Trois migrants ont été acquittés samedi par le tribunal pour mineurs de Mytilène, sur l’île grecque de Lesbos, dans l’affaire de l’incendie du camp de Moria en septembre 2020. Finalement reconnus mineurs au moment des faits, ces trois Afghans ont tout de même passé trois ans en prison. Ils devraient désormais réclamer une indemnisation.
Ils clamaient leur innocence depuis plus de quatre ans.
Trois exilés afghans ont été acquittés vendredi 4 avril par le tribunal pour mineurs de Mytilène, sur l’île grecque de Lesbos. Ils étaient accusés d’avoir volontairement mis le feu au camp de migrants de Moria, qui a totalement détruit le site en septembre 2020. Mais le tribunal a estime que leur implication dans l’incendie n’avait pas été prouvée.
La justice a ainsi annulé la décision donnée en première instance, qui avait condamné ces trois Afghans à 10 ans de prison en 2021.
Ils étaient alors considérés comme des majeurs au moment des faits, malgré la présentation de documents officiels indiquant leur âge (15, 16 et 17 ans). Les autorités n’avaient pas pris en compte ces éléments et s’étaient appuyées sur des radios de leur poignet pour déterminer leur âge – une pratique controversée car elle ne permet pas de donner avec certitude l’âge d’une personne.
« Parodie de procès »
Les avocats de la défense et des ONG avaient à cette époque dénoncé une « parodie de procès ». « Ils ont été condamnés aux peines maximales possibles sans que le tribunal ne reconnaisse la moindre circonstance atténuante. Leur âge aurait dû être pris en compte conformément au code pénal grec.
Ce que nous avons vu, au contraire, c’est une parodie de justice », avait déclaré au Guardian Patrikios Patrikounakis, l’un des avocats chargés de l’affaire.
Les défenseurs avaient également déploré que les charges établies contre les migrants reposaient sur le témoignage d’un autre demandeur d’asile afghan. Mais ce témoin-clé n’était pas présent à l’audience de 2021, car il n’avait pas pu être localisé, selon les avocats.
Les accusés avaient affirmé avoir été victimes de discrimination. Le témoin en question était un Pachtoune pratiquant l’islam sunnite, et les accusés sont des Hazaras, une minorité chiite souvent persécutée en Afghanistan.

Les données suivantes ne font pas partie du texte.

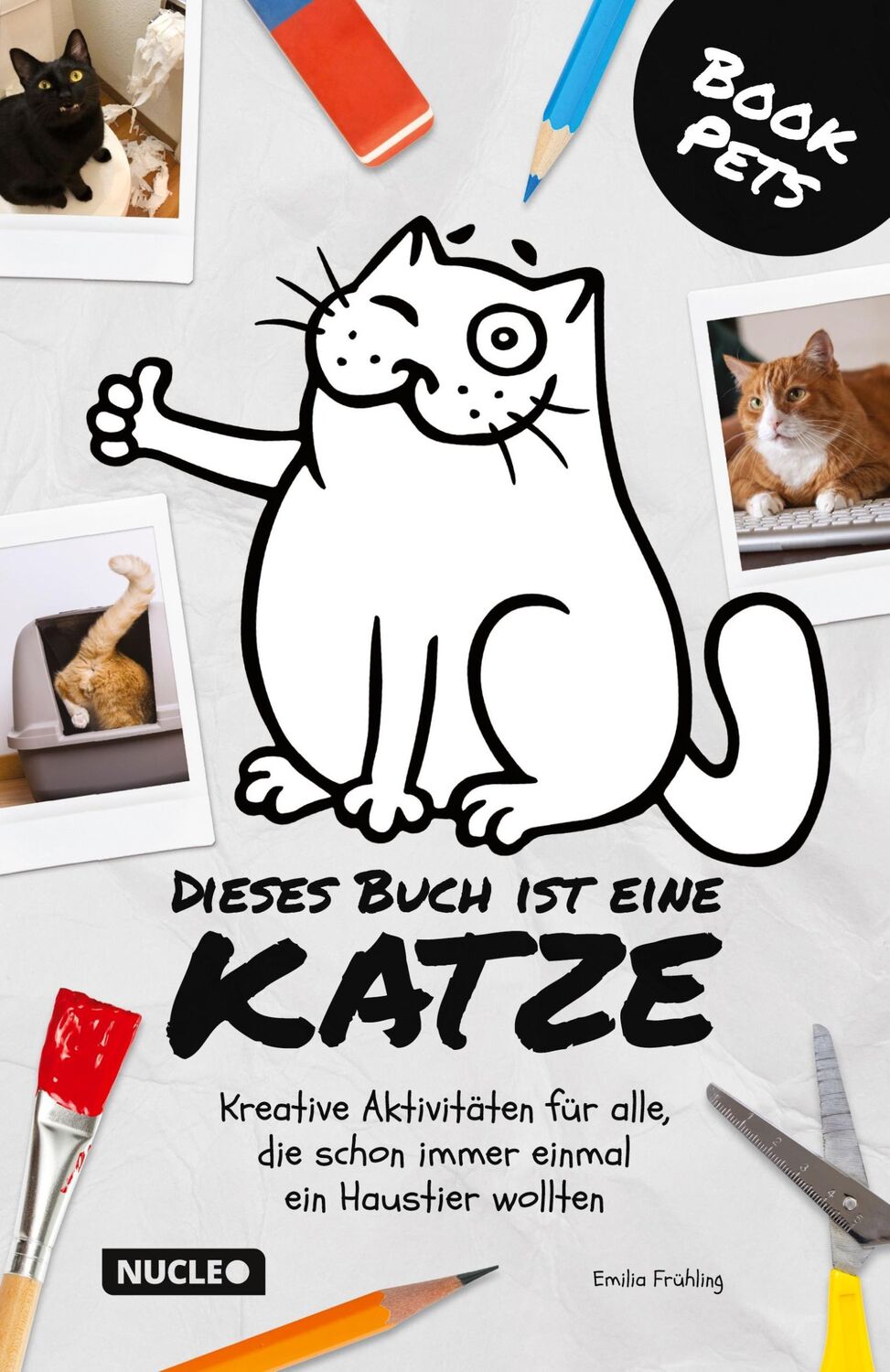 Cover: 9783985610259 | Dieses Buch ist eine Katze | Emilia Frühling | Taschenbuch | Paperback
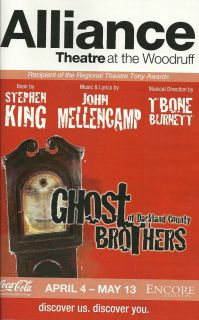 STEPHEN KING John Mellencamp Ghost Brothers of Darkland County Book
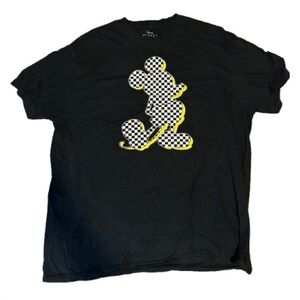 Black Mickey Graphic T-Shirt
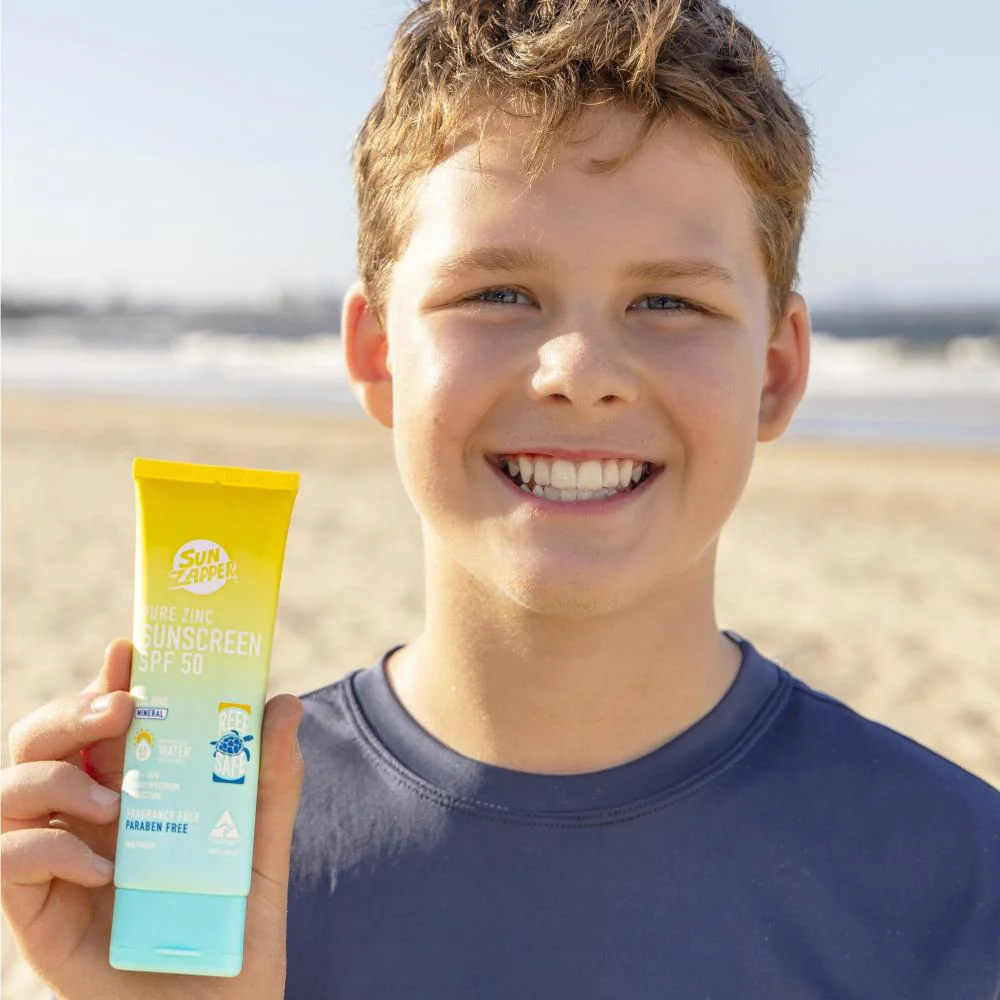 Sun Zapper Pure Zinc Sunscreen 100g SPF 50+ - Image 2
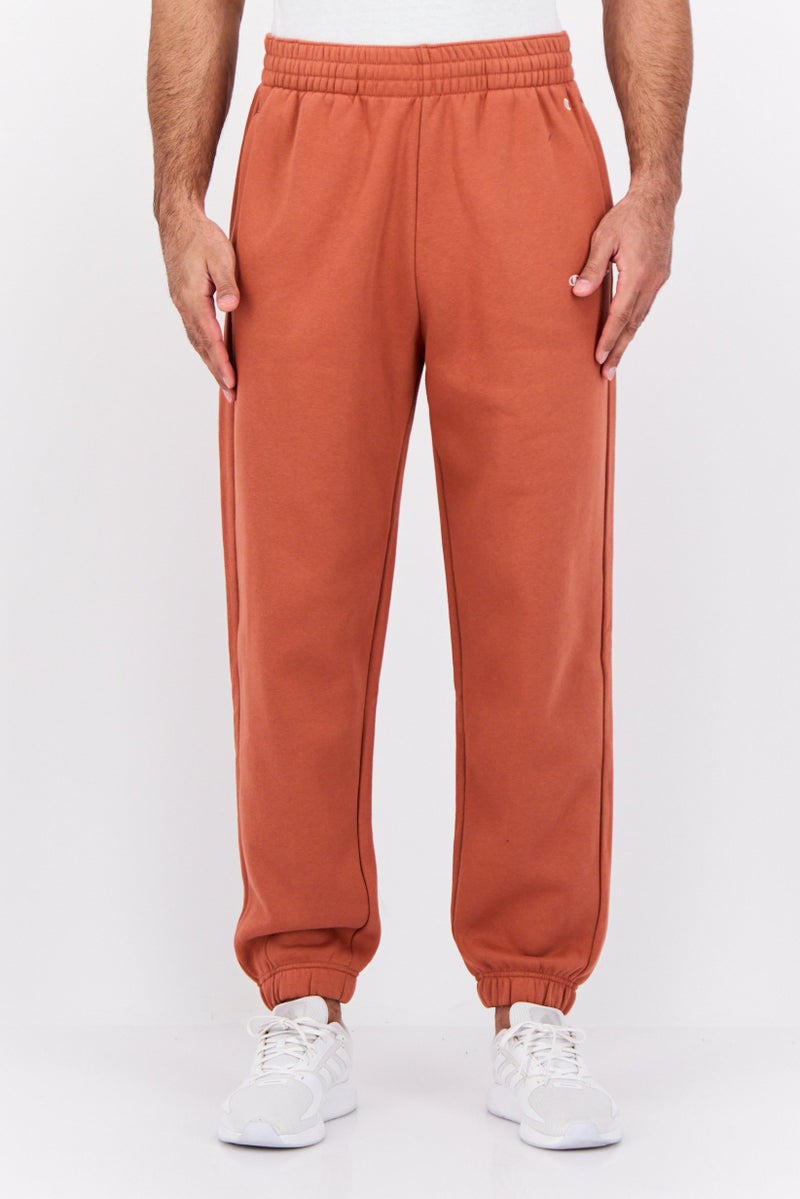 Champion Men Sportswear Fit Outdoor Jogger Pants, Rust Brown  - Image 1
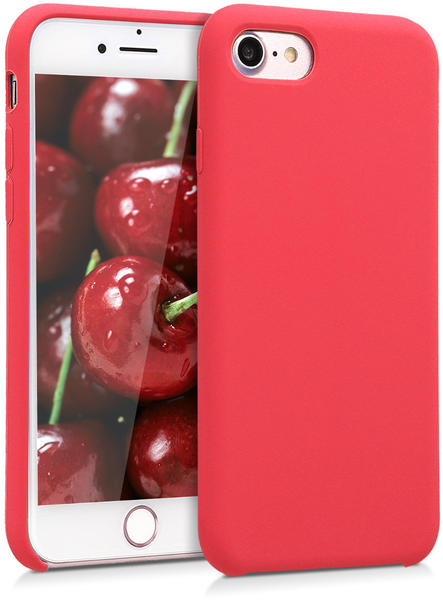 kwmobile Apple iPhone 7 / 8 Hülle - Handyhülle für Apple iPhone 7 / 8 - Handy Case in Neon Rot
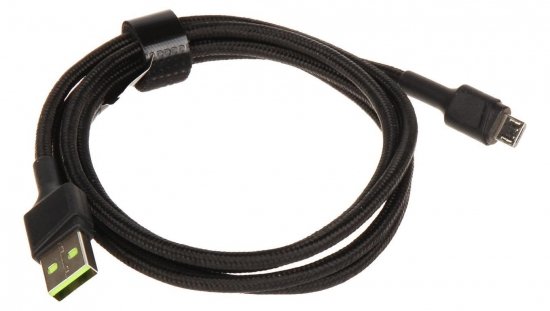PRZEWÓD USB-A/USB-MICRO/1.2M-GC PowerStream 1.2inbsp/brm Green Cell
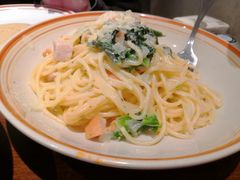 奶油培根意面-萨莉亚意式餐厅(浦江万达广场店)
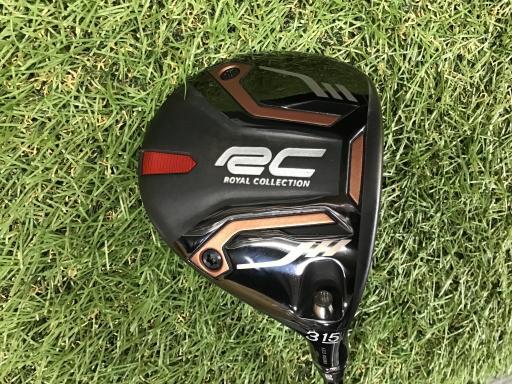 ロイヤルコレクション ロイコレ フェアウェイウッド AM-X RC AM-X 3W(Ti) フレックスR 中古 Cランク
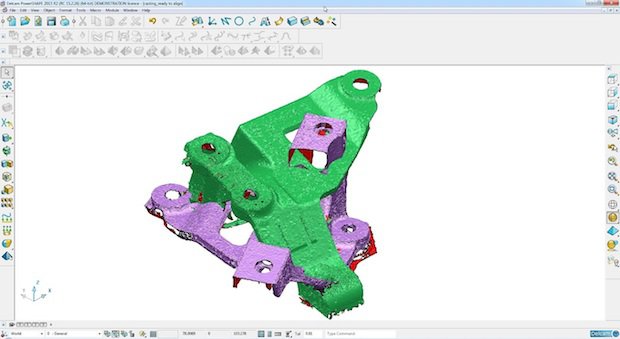 Delcam enhances reverse engineering features in PowerSHAPE Pro CAD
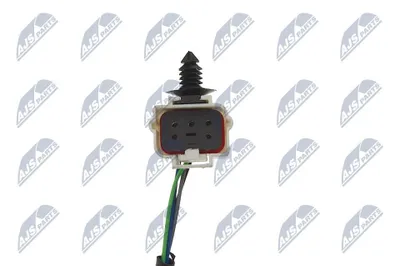 Produktbild von NTY EZC-FR-040 Türschloss für FORD MONDEO III (B5Y) MONDEO III Stufenheck (B4Y)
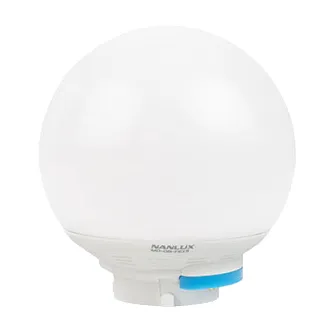 Barndoors Snoots & Grids - NANLUX FE MOUNT DIFFUSION BALL 15CM MD-DB-FE15 - quick order from manufacturer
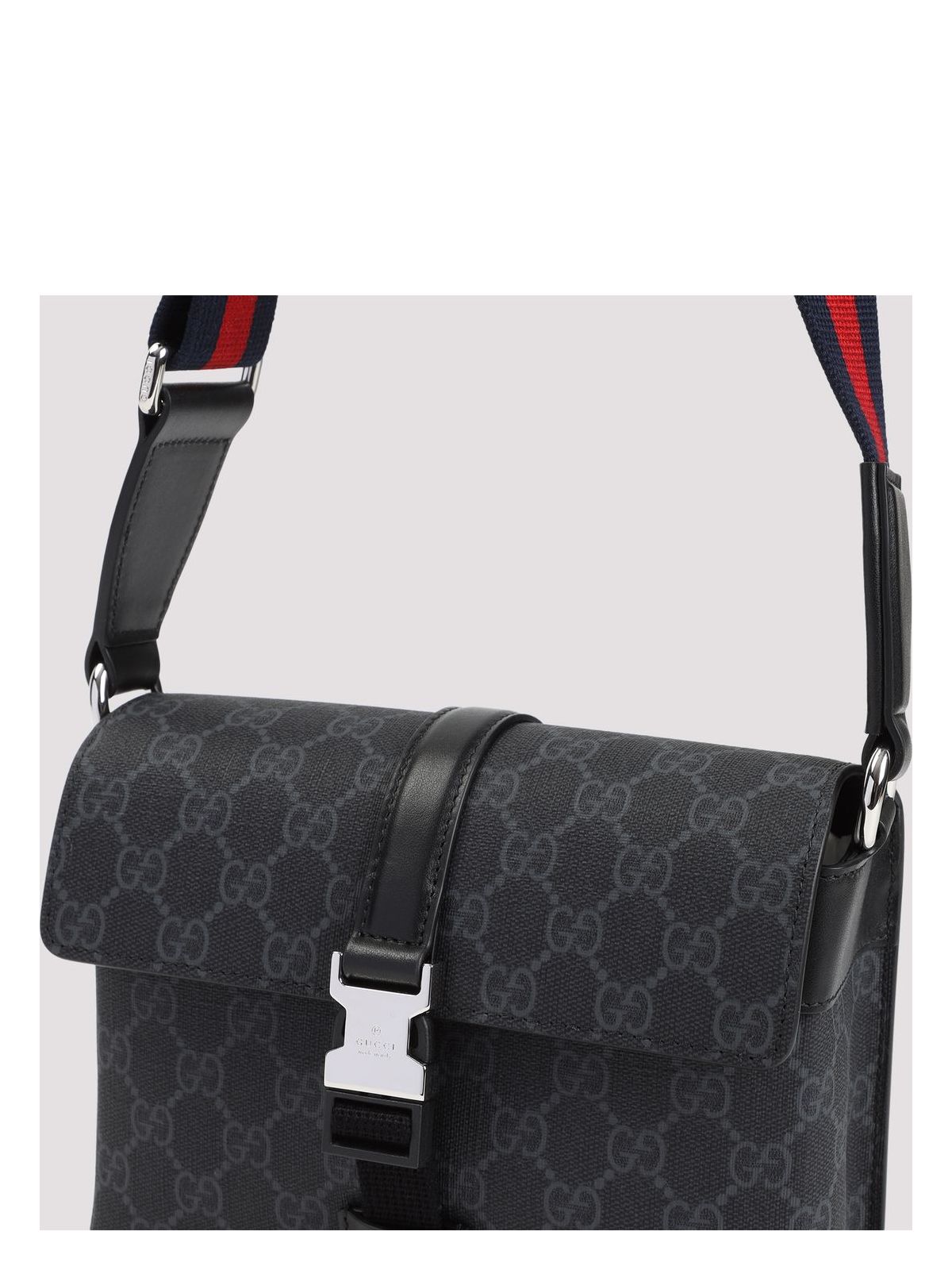 TEXTILE GG SUPREME SHOULDER BAG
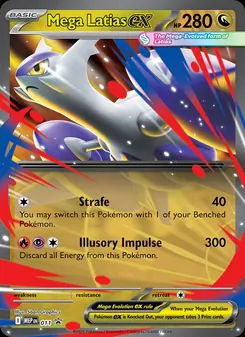 Mega Latias ex #011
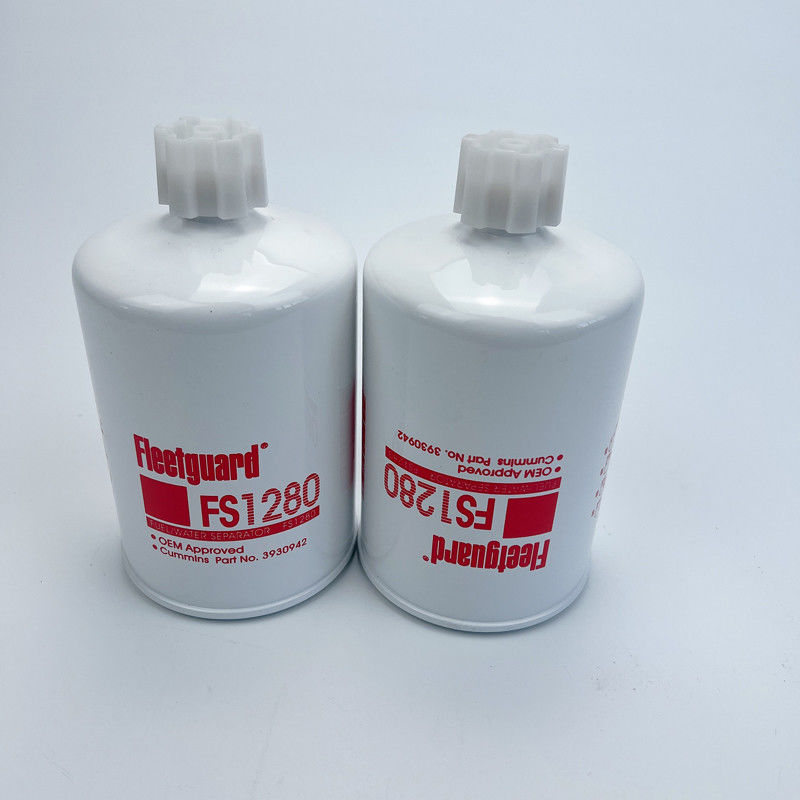 เครื่องกรองน้ํามัน เครื่องกรองเครื่องยนต์ FS1280 อะไหล่รถบรรทุกสําหรับคัมมินส์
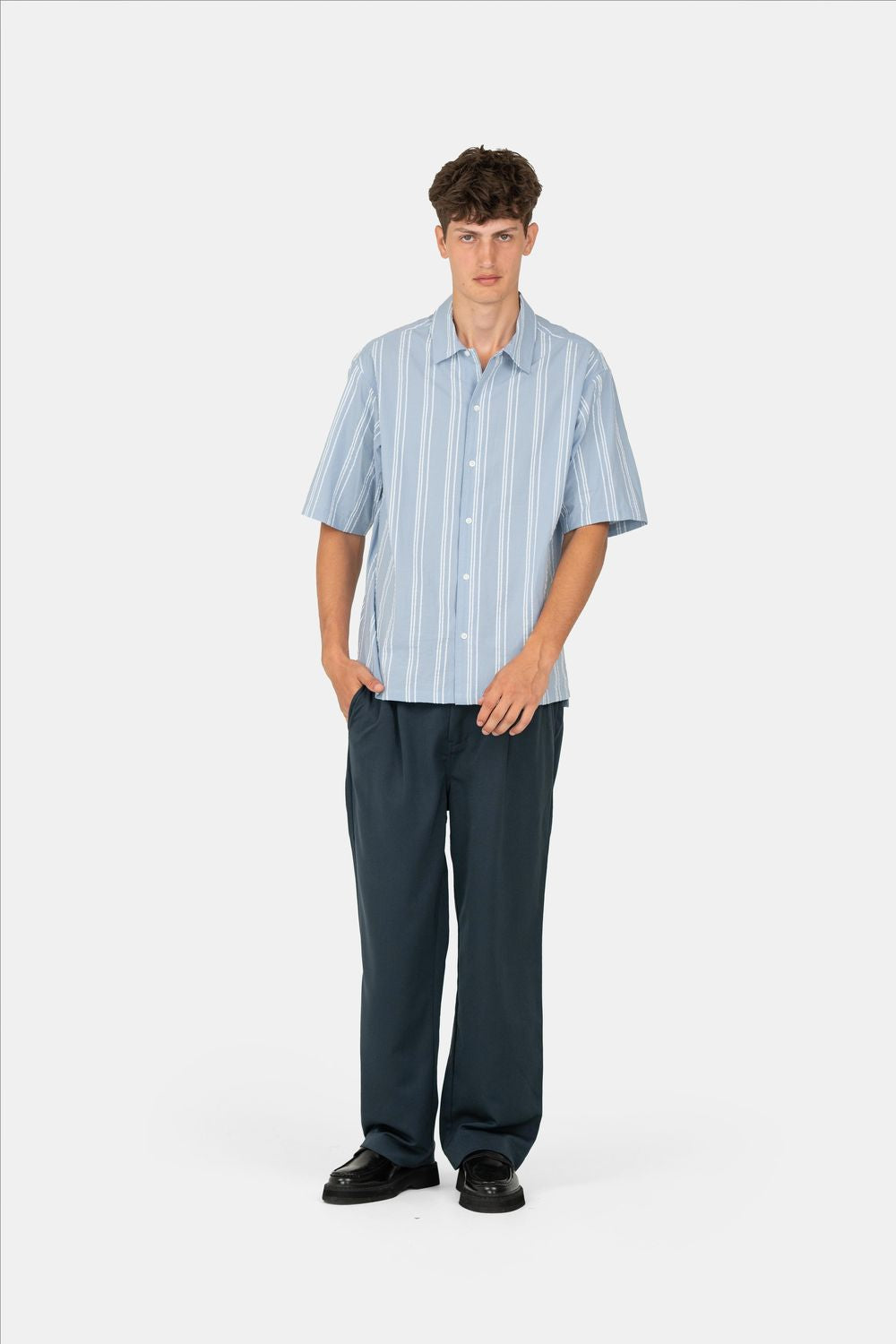 Suitpants Navy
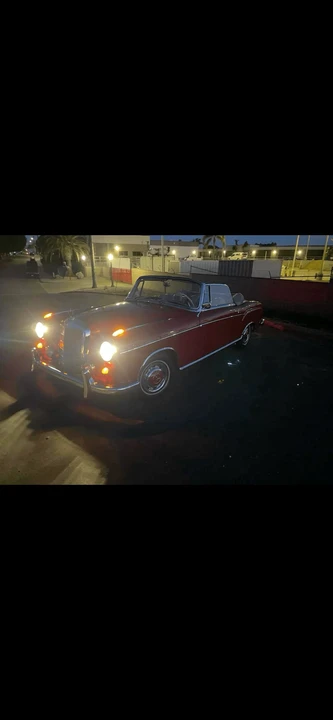 1960 Mercedes-Benz W128 - Image 20 of 31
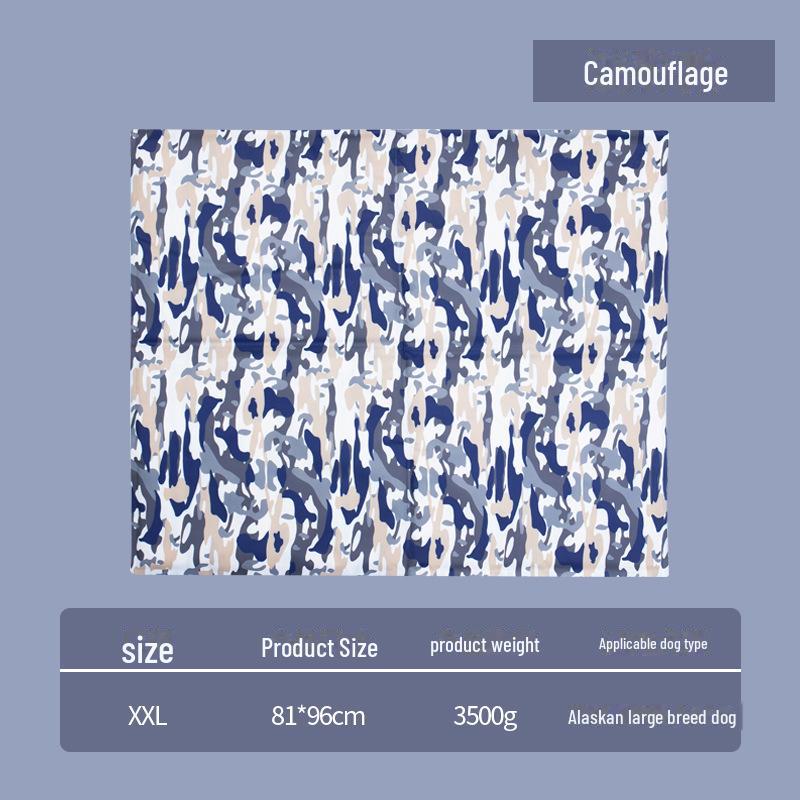 Hot-Selling Scratch-Resistant Pet Cooling Gel Mat for Cats, Enlarged Summer Ice Pad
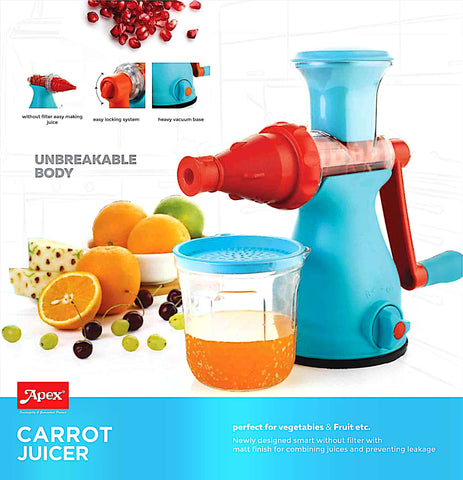 Carrot Juicer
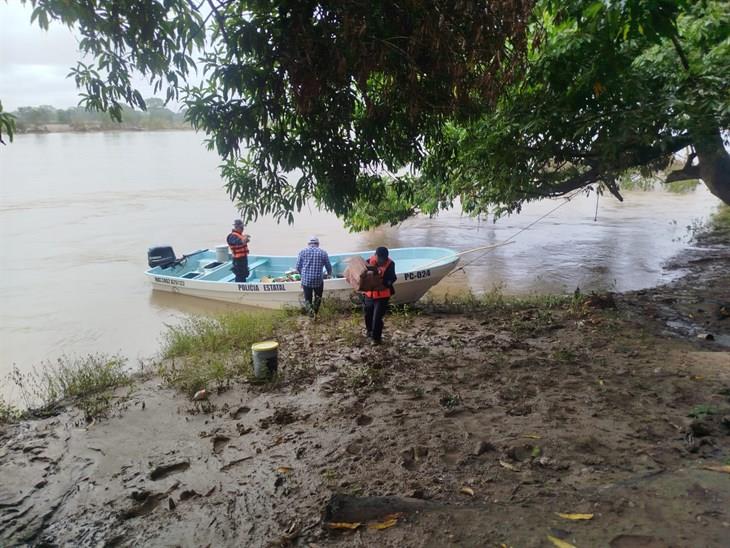 Continúa la emergencia en el sur de Veracruz; inundaciones llevan más de una semana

En 2024, un cour d’appel avait estimé que le tribunal de première instance n’était pas compétent, ce qui a conduit à un nouveau procès en vertu du droit des mineurs.
« Échec de la justice pénale »
À l’issue du verdict du 4 avril dernier, l’avocat des trois accusés, a déclaré que « cette affaire illustre parfaitement l’échec de la justice pénale lorsque la peur, les stéréotypes et l’opportunisme politique l’emportent ». « Mes jeunes clients ont été détenus pendant près de trois ans et demi dans des prisons inadaptées aux mineurs, sans preuves suffisantes et sans procédure régulière », a rappelé Me Zacharias Kesses.
Les trois Afghans devraient désormais réclamer une indemnisation pour le temps pendant lequel ils ont été injustement détenus en prison.
Dans cette même affaire, deux autres mineurs afghans ont été condamnés en première instance à cinq ans de prison en 2021, puis à quatre ans en appel. Ils ont depuis purgé leur peine et ont été libérés.
Survenus les 8 et 9 septembre 2020, les deux incendies de Moria n’avaient pas fait de victime mais avaient ravagé le plus grand camp de migrants d’Europe où s’entassaient à l’époque environ 20 000 demandeurs d’asile, pour une capacité d’accueil de 3 000 places.
Deux nouveaux camps ont été construits pour pallier la destruction de Moria.
Le premier, prévu pour 2 200 personnes, a été établi temporairement à Mavrovouni. Le second, surnommé « Moria 2.0 » et d’une capacité de 3 000 places, a été construit en septembre 2022 à Vastria, dans le nord de l’île, cristallisant les tensions entre la population insulaire et Athènes.
Le 3 décembre 2020, l’Union européenne et Athènes avaient conclu un accord sur la construction d’une nouvelle structure fermée, à l’image de celui de Samos, pour remplacer Moria, malgré la contestation des ONG, des personnes migrantes et des habitants de l’île. Quatre ans plus tard, le projet n’a toujours pas vu le jour.